That’s cool and all, but Adam Silver and Amy Hupe recently enumerated the problems with how these links behave:

Firstly, mailto links make it hard to copy the address, for example if you want to share the email address with someone else.

Secondly, some users use more than one mail app, and the link just uses whichever has been setup as the default, without giving them the option to use the other.

And finally, many users don’t have an email application set up, which means the link can take them to a dead end or down a rabbit hole.

Their UI experimentation ended up using a mailto: link, but putting the entire email address as the link which makes it especially obvious what the link does, while also offering a Copy button for a little UX bonus.

tel: links are weirder in the sense that a good many devices looking at them don’t have any phone-calling functionality. If they do, it’s a lot like email links in that multiple apps could do that work (e.g.

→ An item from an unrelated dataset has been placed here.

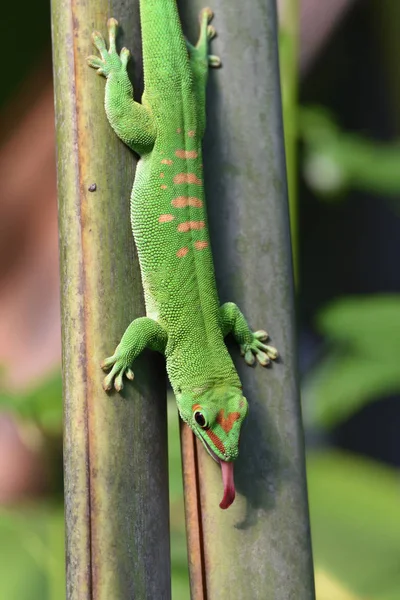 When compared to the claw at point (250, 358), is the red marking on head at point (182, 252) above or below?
above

WhatsApp, FaceTime, or the default phone app).

The hard part of the UX of all this is offering users choice on what they want these special link types to do. That’s what mailgo is attempting to solve. It’s a little JavaScript library that offers UI when you click them.

Live demo:

I kinda like it. I wouldn’t mind at all if that popped up when I clicked a link like this, especially since it has that “open default” option if I want that anyway. Seems to check all the boxes for the problems these types of special links can have.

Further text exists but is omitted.